Each command includes an 8-bit descriptor ID field and may be followed by a command payload. A command sent to a specific device passes the device address in the first byte of the payload. There are over forty CCC commands, including:

• Enter Dynamic Address Assignment (ENTDAA)
• Set New Dynamic Address Assignment (SETNEWDA)
• Enable Events (ENEC)/Disable Events (DISEC)
• Reset Dynamic Address Assignment (RSTDAA)
• Enter High Data Rate Mode (ENTHDRx)
• Get Device Characteristics Register (GETDCR)

Vendors are allowed a dedicated range of CCC IDs to implement their own commands.

Error detection and recovery

Unlike I²C, I3C includes provisions for error detection and recovery. Six error and recovery methods for target devices are mandated, and another is optional. Additional error and recovery methods are also available specifically for master-side errors.

I3C supported components

As shown in Figure 2 (left), a basic I3C network comprises at least one master controller and one or more I3C targets or slaves. The main master can be an MCU such as the NXP Semiconductors LPC5534JHI48-00MP (Figure 4). It is a 32-bit Arm® Cortex®-M33 MCU with 128 kilobytes (Kbytes) of SRAM and 256 Kbytes of Flash. Its Flexcomm interface supports eight different serial interfaces, including I3C.

Figure 4: The LPC5534JHI48/00MP MCU includes an I3C interface and seven other serial interfaces. (Image source: NXP Semiconductor)

The I3C bus allows the addition of secondary masters introduced to the bus as slaves. The I3C can have multiple masters, but only one can be the controller. Once enrolled, the secondary master can request the current master status, and if the current master accedes, its control is handed over to the requesting secondary master.

A typical I3C sensor is NXP’s P3T2030CUKAZ. This temperature sensor converts temperatures from -40°C to +125°C into a 12-bit digital value with an accuracy of ±2°C. It includes both an I²C and an I3C SDR mode serial interface.

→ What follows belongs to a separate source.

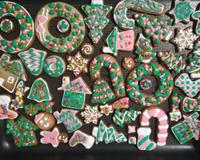 Como fazer biscoito de Natal decorado: impressione amigos e familiares com essa receita simples e tão querida!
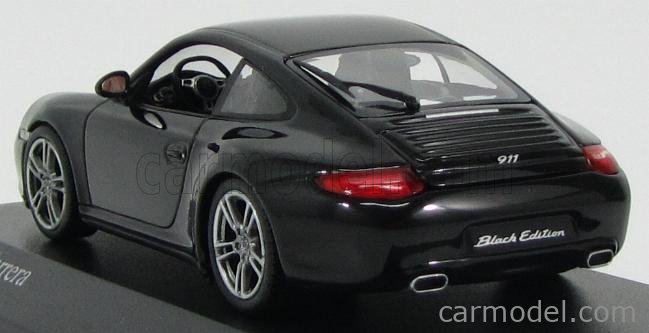 MINICHAMPS 400066425 Scale 1/43 | PORSCHE 911 997-2 CARRERA 4S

A more sophisticated sensor is the ICM-42605 three-axis microelectromechanical systems (MEMS) gyroscope and accelerometer from TDK InvenSense. As a rate gyro, it measures spin rates from ±15.2 to ±2000 degrees per second (°/s). Its range as an accelerometer is ±2 to ±15 g. It detects motion, tilt, tap, or steps (pedometer). As an I3C sensor, it operates at 12.5 MHz in SDR mode and 25 MHz in DDR mode.

ICs such as the NXP P3S0200GMX I3C switch can reconfigure the I3C bus by routing I3C bus signals between an I3C controller and multiple sets of target devices, or between a single target and multiple I3C controllers as determined by an external MCU (Figure 5).

Figure 5: The P3S0200GMX I3C switch can be used to reconfigure an I3C bus by routing I3C bus signals between an I3C controller and multiple sets of target devices, or between a single target and multiple I3C controllers. (Image source: NXP Semiconductors)

Switching between two targets might be required if both targets have the same address and cannot reside on the same bus. Alternatively, a single target might have to be shared between two processes, requiring a switch between the two I3C controllers.

Conclusion

I3C is a serial interface that extends the I²C bus by increasing its data rate, reducing the number of wires, and adding flexibility to the bus control. It is an enhancement that extends the usefulness of legacy I²C and SPI interfaces.